Der Veranstalter hatte einen Preis für die beste Verkleidung ausgeschrieben und viele waren der Aufforderung gefolgt. Da war Robin Hood in einem wirklich echten Outfit mit Bogen und einigen Pfeilen. Oder eine "Milka Kuh", ein Läufer ganz in einem Pelz Kostüm weiß Lila und einer Kuh-Maske auf dem Kopf - vernünftig atmen konnte man da sicher nicht. Ein ganzer Lauftreff aus acht oder neun Läufern und Läuferinnen hatten lindgrüne Laufkleider an und in der passenden Farbe ein Balletröckchen aus steifer Gaze. Und noch viele weitere Verkleidete, die das Bild ungemein auflockerten.
Als ich zur Ausgabe der Startunterlagen ging, hatte ich das Gerücht gehört, daß nach dem Marathon eine Trauung zwischen zwei Teilnehmern stattfinden sollte. Tatsächlich sah ich dann die beiden: normale Laufklamotten, sie ein Röckchen und Schleifen im Haar, er mit Zylinder.
Die Stimmung war sehr gelöst und überall machte man noch small talk. Ich wußte nicht mehr, welche Kilometerzeit ich laufen mußte, um unter 4 Stunden zu kommen. Verzweifelt rechnete ich, kam aber zu keinem vernünftigen Ergebnis. Ich suchte mir einen Läufer aus, dem ich etwa meine Leistung zutraute und fragte ihn, was er laufen wolle. "Unter 3:30 Stunden!" Was das denn für eine Kilometerzeit sei? "Etwa fünf Minuten". Ich fragte den nächsten, der dann tatsächlich um die vier Stunden laufen wollte. Die notwendige Kilometerzeit mußte dann etwas um 5:30 Minuten liegen. Schnell rechnete ich im Kopf nach. Klar, das würde dann etwa 3:50 Stunden geben.
Immerhin über 1.100 Läuferinnen und Läufer standen jetzt auf der Brücke, beinahe so dicht wie in Paris. Und schon fiel der Startschuß. Und wie bei den großen Marathons ging es in meiner Gegend erst Mal nicht vorwärts. Aber schon nach etwa 10 Sekunden konnten auch wir langsam gehen und ab der Startlinie ging es dann zügig weiter.

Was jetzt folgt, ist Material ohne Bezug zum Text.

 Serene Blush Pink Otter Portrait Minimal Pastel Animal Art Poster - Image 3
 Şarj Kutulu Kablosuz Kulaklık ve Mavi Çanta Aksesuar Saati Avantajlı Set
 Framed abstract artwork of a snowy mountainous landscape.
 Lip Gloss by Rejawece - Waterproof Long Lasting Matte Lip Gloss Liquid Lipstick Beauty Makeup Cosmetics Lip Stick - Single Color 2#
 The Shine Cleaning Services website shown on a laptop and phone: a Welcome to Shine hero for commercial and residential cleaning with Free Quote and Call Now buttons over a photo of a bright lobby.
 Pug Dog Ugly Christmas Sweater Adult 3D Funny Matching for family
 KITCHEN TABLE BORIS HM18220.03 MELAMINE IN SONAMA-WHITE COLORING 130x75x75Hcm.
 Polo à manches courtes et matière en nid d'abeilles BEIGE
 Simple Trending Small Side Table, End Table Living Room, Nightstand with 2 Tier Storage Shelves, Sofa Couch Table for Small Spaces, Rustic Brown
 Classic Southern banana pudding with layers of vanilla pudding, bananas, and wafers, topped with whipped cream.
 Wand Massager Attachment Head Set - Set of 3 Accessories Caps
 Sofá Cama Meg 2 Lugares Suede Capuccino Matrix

Vermutlich hatte ich mich etwas zu weit vorne eingeordnet. Ich hielt zwar mühelos mit der Menge um mich herum mit, aber mein Puls war schon auf 138, eindeutig zu viel für den Anfang. Das wollte ich nach 10 oder 20 Kilometern laufen aber doch nicht schon von Anfang an. Der erste Kilometer war dann auch viel zu schnell mit 5:06 Minuten. Ich versuchte etwas langsamer zu laufen und hatte nach drei Kilometer endlich ein einigermaßen passendes Tempo. Die ersten fünf Kilometer waren aber mit 26:30 Minuten trotzdem zu schnell.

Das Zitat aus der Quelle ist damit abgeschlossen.